Friedman's, Inc.
- Company type: Private (Public prior to 2005)
- Industry: Retail
- Founded: 1920
- Fate: Bankruptcy
- Headquarters: Savannah, Georgia
- Key people: Bradley Stinn CEO Victor Suglia CFO Morgan Schiff & Co.- Phillip Ean Cohen Sterling Brinkley
- Products: Jewelry

= Friedman's Inc. =

Friedman's Inc. was an American company that owned and operated fine jewelry specialty stores under the names Friedman's Jewelers and Crescent Jewelers. It declared bankruptcy in 2008 and had shuttered all stores by June 2008.

==History==
The company was established in Savannah, Georgia in 1920. Friedman's Inc. was headquartered in Addison, Texas. They were the third largest jewelry company in the US. Friedman's stressed value and low prices, owning the trademark "The Value Leader" and advertising "Unbeatable Values". Unlike many chain jewelers, Friedman's had many of its locations in power centers and strip malls, besides enclosed malls and outlet centers. The company had stated that they preferred locations anchored by a discounter "big box" store, almost always Wal-Mart. This fits with their core demographic of lower to middle income customers between 18 and 40.

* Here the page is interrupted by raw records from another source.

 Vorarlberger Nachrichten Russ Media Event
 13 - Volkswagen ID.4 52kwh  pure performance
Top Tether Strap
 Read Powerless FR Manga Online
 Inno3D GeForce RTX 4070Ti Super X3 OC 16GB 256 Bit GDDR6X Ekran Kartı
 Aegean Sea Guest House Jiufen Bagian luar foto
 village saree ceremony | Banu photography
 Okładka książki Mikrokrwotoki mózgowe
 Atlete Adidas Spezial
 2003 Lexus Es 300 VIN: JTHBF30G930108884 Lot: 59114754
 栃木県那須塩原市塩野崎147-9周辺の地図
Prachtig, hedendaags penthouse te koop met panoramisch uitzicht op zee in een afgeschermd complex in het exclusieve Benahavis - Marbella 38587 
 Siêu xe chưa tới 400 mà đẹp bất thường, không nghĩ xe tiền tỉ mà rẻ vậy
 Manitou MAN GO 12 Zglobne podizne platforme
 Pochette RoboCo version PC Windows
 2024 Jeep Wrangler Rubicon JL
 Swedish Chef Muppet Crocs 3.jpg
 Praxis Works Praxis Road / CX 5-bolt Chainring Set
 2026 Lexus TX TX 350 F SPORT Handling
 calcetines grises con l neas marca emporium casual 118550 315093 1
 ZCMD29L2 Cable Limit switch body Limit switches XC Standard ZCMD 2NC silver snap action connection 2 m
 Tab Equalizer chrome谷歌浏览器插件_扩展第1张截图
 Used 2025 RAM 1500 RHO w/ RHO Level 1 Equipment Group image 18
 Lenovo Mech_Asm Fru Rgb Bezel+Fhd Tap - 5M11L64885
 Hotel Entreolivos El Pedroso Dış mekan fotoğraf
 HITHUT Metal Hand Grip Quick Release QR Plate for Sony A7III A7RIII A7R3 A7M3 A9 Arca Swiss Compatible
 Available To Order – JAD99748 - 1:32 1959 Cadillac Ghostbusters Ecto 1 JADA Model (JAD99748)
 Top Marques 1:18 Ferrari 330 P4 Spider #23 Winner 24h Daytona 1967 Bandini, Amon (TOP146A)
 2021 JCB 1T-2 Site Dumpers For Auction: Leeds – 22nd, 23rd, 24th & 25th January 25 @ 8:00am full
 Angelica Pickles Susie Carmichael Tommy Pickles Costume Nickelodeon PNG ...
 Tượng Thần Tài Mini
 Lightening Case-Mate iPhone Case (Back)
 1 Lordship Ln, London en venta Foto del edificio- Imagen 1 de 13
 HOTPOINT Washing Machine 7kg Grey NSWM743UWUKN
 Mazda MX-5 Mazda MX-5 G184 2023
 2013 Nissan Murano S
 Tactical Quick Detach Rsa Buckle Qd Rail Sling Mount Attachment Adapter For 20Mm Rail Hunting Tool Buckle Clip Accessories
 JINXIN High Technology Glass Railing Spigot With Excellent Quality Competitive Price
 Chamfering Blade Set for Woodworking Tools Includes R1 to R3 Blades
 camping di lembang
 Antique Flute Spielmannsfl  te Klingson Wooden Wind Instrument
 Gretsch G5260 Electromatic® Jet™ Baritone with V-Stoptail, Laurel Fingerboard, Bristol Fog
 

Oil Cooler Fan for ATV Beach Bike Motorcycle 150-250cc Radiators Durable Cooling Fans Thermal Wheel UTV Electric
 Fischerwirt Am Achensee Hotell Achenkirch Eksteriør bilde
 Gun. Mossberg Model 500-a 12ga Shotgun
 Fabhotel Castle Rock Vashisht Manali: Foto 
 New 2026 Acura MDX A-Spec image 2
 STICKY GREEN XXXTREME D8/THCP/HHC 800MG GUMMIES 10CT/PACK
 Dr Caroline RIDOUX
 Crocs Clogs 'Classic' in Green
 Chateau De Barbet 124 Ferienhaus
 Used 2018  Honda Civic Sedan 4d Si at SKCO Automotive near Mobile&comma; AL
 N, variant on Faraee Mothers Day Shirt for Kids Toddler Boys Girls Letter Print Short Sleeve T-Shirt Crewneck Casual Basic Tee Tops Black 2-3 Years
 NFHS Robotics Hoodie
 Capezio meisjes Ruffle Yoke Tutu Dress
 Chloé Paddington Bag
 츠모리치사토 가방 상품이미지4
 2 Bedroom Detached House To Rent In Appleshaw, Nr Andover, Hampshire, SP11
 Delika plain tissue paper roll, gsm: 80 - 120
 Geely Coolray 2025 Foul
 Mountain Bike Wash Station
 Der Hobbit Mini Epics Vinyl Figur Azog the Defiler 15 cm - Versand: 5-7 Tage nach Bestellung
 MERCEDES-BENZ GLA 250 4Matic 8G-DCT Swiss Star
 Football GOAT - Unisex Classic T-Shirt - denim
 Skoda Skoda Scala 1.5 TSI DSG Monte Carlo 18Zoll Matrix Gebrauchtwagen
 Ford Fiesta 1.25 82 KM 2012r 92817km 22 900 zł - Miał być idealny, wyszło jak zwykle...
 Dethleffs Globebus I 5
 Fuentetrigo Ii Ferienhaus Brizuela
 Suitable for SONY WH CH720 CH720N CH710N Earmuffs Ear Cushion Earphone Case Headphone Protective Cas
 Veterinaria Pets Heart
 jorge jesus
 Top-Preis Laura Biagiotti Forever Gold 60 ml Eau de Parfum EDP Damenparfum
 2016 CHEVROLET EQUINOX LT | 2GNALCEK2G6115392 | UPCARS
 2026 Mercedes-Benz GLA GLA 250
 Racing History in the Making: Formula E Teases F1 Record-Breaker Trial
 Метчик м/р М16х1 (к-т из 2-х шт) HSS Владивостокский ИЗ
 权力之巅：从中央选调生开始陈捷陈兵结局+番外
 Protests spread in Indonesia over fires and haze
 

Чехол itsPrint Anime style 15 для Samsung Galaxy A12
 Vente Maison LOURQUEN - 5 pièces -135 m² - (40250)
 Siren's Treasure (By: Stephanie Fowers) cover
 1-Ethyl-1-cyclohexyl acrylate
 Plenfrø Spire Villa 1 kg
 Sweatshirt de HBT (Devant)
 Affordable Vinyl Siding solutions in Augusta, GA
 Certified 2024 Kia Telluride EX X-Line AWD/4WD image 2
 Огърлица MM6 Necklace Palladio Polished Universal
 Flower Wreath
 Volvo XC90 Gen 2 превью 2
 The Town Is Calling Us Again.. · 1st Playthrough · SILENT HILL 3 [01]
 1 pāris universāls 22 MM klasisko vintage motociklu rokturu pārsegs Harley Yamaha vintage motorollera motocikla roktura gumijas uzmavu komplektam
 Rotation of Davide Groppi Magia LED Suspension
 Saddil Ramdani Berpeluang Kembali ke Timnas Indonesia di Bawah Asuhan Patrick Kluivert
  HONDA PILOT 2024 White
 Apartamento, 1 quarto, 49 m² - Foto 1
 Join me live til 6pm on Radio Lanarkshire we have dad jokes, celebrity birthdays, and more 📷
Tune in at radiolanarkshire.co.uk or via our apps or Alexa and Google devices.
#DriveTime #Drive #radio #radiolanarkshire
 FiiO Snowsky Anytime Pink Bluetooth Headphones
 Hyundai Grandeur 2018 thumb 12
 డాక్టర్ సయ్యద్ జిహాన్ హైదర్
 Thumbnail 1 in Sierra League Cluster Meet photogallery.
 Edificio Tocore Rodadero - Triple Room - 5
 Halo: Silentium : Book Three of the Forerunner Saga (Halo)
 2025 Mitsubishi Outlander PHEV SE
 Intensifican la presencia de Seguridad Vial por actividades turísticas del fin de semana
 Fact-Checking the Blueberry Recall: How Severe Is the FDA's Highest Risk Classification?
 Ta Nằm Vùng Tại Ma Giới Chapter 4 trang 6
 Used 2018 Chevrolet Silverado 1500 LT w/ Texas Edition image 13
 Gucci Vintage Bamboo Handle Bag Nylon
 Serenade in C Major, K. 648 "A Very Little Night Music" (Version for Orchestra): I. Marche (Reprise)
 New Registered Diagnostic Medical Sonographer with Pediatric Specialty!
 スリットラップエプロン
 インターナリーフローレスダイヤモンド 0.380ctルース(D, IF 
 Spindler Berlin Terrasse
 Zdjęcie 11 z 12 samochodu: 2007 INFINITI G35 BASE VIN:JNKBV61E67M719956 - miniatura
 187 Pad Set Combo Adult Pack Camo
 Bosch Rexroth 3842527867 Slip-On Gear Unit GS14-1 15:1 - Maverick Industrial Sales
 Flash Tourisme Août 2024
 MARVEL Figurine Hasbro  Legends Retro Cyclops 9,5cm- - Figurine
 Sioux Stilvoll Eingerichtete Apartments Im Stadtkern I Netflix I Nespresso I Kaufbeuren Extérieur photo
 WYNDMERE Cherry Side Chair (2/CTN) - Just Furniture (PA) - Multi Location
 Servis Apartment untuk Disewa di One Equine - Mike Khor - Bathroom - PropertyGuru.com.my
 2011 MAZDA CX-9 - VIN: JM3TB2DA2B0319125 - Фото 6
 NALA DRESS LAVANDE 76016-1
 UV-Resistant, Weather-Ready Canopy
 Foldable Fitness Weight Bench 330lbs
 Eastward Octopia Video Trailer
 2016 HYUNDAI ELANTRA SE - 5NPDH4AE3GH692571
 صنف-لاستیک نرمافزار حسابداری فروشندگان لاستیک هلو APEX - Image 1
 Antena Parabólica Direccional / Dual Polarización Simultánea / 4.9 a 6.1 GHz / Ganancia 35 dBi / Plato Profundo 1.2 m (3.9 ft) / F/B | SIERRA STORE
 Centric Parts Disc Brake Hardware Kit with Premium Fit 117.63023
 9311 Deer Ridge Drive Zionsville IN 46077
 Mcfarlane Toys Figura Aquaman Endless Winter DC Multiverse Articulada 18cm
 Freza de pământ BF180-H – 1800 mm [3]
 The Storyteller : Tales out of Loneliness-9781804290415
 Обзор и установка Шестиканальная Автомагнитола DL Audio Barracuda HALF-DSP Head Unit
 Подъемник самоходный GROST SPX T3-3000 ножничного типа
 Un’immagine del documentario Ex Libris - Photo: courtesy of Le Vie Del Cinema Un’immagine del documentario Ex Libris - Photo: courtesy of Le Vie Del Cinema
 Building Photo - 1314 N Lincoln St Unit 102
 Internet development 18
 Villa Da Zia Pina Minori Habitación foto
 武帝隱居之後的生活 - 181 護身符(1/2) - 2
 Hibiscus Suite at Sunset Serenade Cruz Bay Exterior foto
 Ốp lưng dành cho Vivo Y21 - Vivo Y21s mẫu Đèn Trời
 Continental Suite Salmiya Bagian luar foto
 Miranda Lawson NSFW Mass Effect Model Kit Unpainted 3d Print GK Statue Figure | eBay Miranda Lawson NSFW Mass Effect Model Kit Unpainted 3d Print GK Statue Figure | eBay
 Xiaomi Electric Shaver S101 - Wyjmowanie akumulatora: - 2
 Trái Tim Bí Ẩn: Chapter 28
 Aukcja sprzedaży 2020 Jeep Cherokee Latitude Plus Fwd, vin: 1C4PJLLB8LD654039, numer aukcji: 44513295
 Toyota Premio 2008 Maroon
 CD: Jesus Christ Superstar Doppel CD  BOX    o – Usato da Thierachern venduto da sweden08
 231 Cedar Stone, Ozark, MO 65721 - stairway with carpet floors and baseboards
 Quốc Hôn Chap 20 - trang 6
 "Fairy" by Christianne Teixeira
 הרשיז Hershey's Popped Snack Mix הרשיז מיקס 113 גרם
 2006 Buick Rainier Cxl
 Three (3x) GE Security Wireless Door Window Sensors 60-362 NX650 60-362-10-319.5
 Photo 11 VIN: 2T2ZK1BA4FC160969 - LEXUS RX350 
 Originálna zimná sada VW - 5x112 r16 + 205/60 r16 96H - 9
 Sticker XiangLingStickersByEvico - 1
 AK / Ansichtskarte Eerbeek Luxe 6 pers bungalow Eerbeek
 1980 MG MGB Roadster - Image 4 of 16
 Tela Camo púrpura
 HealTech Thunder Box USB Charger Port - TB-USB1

In 2005, Friedman's filed for Chapter 11 bankruptcy protection, and due to a second bankruptcy filing in early 2008, Friedman's and Crescent liquidated all of their stores save for a small number of locations purchased by Whitehall Jewelers Inc. for approximately 14 million dollars. Whitehall went bankrupt shortly after the purchase and began liquidating all of its stores in August 2008.

In 2009, Windsor Fine Jewelers, LLC based in Augusta, GA, purchased the trademark "Friedman's Jewelers" and opened a location in Augusta, GA. In 2017, they launched the www.friedmans.com e-commerce platform.